Conversation
|
Thank you for the contribution! The best way to handle this would be to rewrite the
|
Expands multi-argument UNNEST(arr1, arr2, ...) into ROWS FROM(unnest(arr1), unnest(arr2), ...) which properly zips results together with NULL padding for shorter arrays. Changes: - table_expr.go: Detect and expand multi-arg UNNEST to RowsFromExpr - aliased_table_expr.go: Support WITH ORDINALITY via RowsFromExpr - select_clause.go: Update multi-arg UNNEST rewrite to use RowsFromExpr Depends on: - dolthub/vitess#454 - dolthub/go-mysql-server#3412
|
@Hydrocharged Like this? |
|
We need tests for |
- Add comprehensive tests for explicit ROWS FROM syntax: - ROWS FROM with generate_series - ROWS FROM with unnest - ROWS FROM with mixed functions - Fix table_expr.go and aliased_table_expr.go to use RowsFromExpr for all multi-function ROWS FROM cases, not just multi-arg UNNEST Depends on: - dolthub/vitess#454 - dolthub/go-mysql-server#3412
@Hydrocharged done! |
|
I apologize for the delay on the review, but I'm starting on it now. I'll have something for you much later in the day. |
Hydrocharged
left a comment
There was a problem hiding this comment.
What you have here does work for the specific case of ROWS FROM, however we can generalize the changes to enable more broad support.
From looking through the documentation, it appears that ROWS FROM behaves no differently than an expression. Therefore, SELECT * FROM ROWS FROM (...); has the same relative behavior as SELECT * FROM expression();. With that in mind, we have vitess.TableFuncExpr to handle that case, which would apply to all expressions that are positioned after FROM.

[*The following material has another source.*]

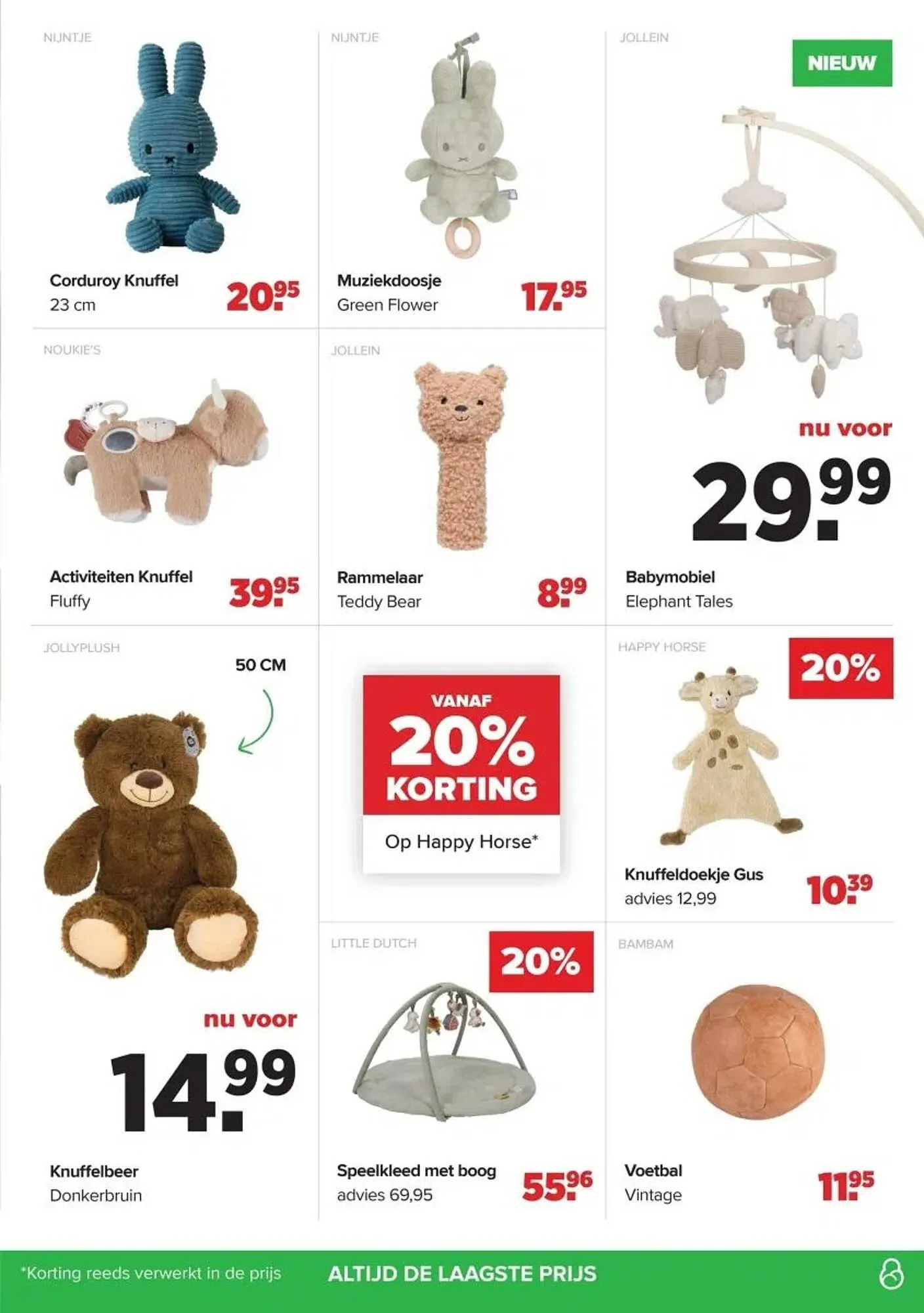 Baby-Dump folder van 2 januari tot 2 februari 2026 - Folder pagina 37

With the above information, you can remove the new vitess.RowsFromExpr and replace it with vitess.TableFuncExpr. You'll still need to modify vitess though, as TableFuncExpr allows for a table alias, but not column aliases (for example, SELECT * FROM generate_series(1, 5) AS s(n); fails while removing the (n) works). The new Columns field will require GMS modifications (similar to your existing changes made for RowsFromExpr). We should also leave a comment in vitess that the Columns field is a Doltgres extension, and not used by MySQL.

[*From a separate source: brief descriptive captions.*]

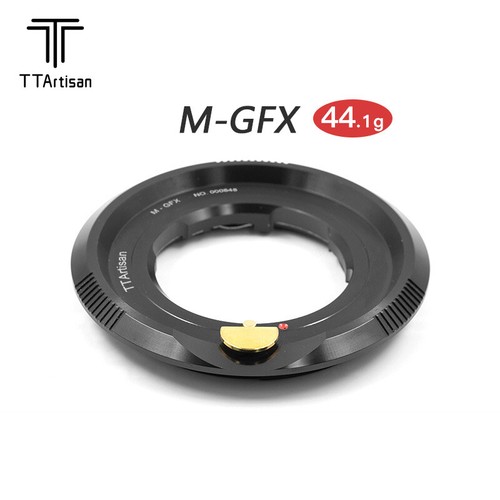 Ttartisan gfx - m-gfx, lens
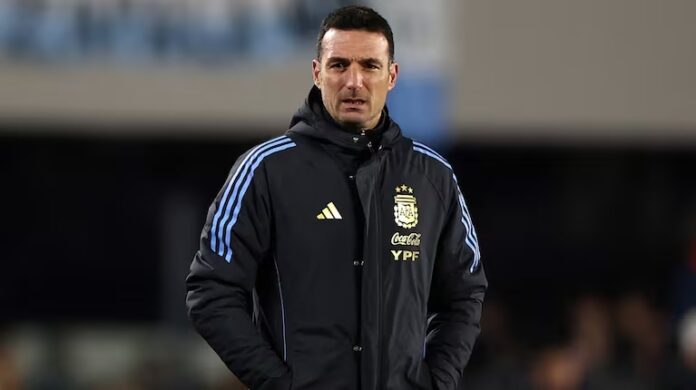 el-jugador-que-lionel-scaloni-podria-hacer-debutar-con-la-seleccion-argentina-en-la-doble-fecha-fifa
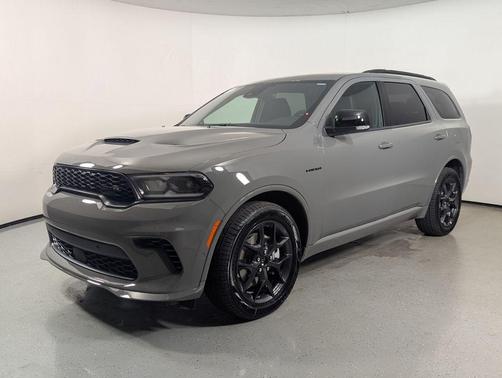 Destroyer Gray Clearcoat 2026 Dodge Durango GT Premium AWD HEMI V8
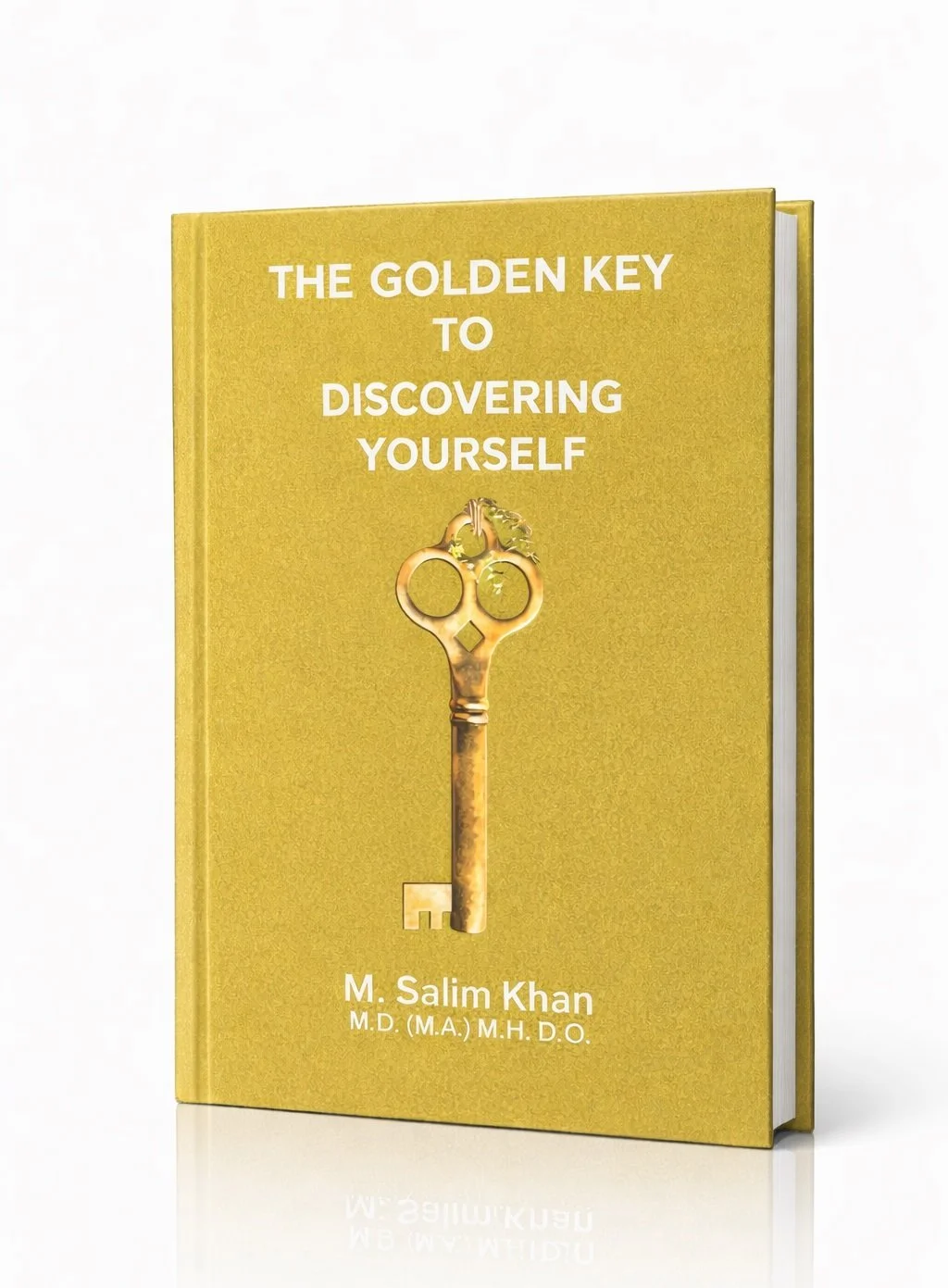 The Golden Key to Discovering Yourself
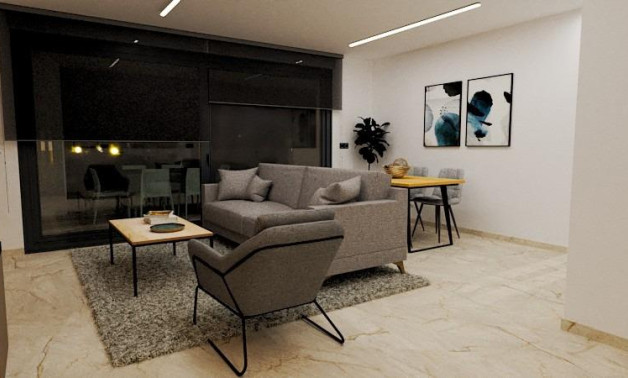 Short Term Rental - Apartment -
Pilar de la Horadada - Playa de las Higuericas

Lastly, plan.RowsFrom would be moved out of GMS and into Doltgres. From here, we have two routes. The first would be to allow TableFuncExpr to reference expressions rather than strictly functions and table functions. The second would be to implement the expression as a function. The long-term goal is to implement the first one, but that may be a larger lift than just implementing this as a function. If you do go the function route, then you can use a unique name (such as dolt_rowsfrom as we disallow user-functions with the dolt prefix), with a TODO mentioning the above.
Move RowsFrom and RowsFromIter from GMS into server/node as an ExecBuilderNode. Register BuildMultiExprTableFunc factory to handle nameless TableFuncExpr (ROWS FROM pattern). Update AST conversion to emit TableFuncExpr instead of the removed RowsFromExpr.
|
@Hydrocharged changes made. |
Hydrocharged
left a comment
There was a problem hiding this comment.
This is closer, but there's still a bit of work left to do.

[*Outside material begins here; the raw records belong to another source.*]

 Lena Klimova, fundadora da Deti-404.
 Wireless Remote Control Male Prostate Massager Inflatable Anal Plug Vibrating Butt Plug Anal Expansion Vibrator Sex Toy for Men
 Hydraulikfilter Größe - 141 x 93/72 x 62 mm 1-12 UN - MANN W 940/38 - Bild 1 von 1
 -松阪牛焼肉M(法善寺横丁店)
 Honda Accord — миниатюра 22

| // For non-RowsFromExpr expressions, ordinality is not yet supported | ||
| if node.Ordinality { | ||
| return nil, errors.Errorf("ordinality is only supported for ROWS FROM expressions") | ||
| } |
There was a problem hiding this comment.
This seems false due to the more generalized TableFuncExpr
| return nil, err | ||
| } | ||
|
|
||
| // Wrap in a subquery as the original code did |
There was a problem hiding this comment.
No need to reference the original code. Was this written with AI assistance?
| } | ||
|
|
||
| // Handle RowsFromExpr specially - it can have WITH ORDINALITY and column aliases | ||
| if rowsFrom, ok := node.Expr.(*tree.RowsFromExpr); ok { |
There was a problem hiding this comment.
This needs to be in the switch statement below
| selectExprs := make(vitess.SelectExprs, 0, len(tableFuncExpr.Exprs)) | ||
| for _, argExpr := range tableFuncExpr.Exprs { |
There was a problem hiding this comment.
We don't need to use append here since we're creating selectExprs based on the length of tableFuncExpr.Exprs, and then directly iterating over tableFuncExpr.Exprs. This should use the index variable rather than ignore it.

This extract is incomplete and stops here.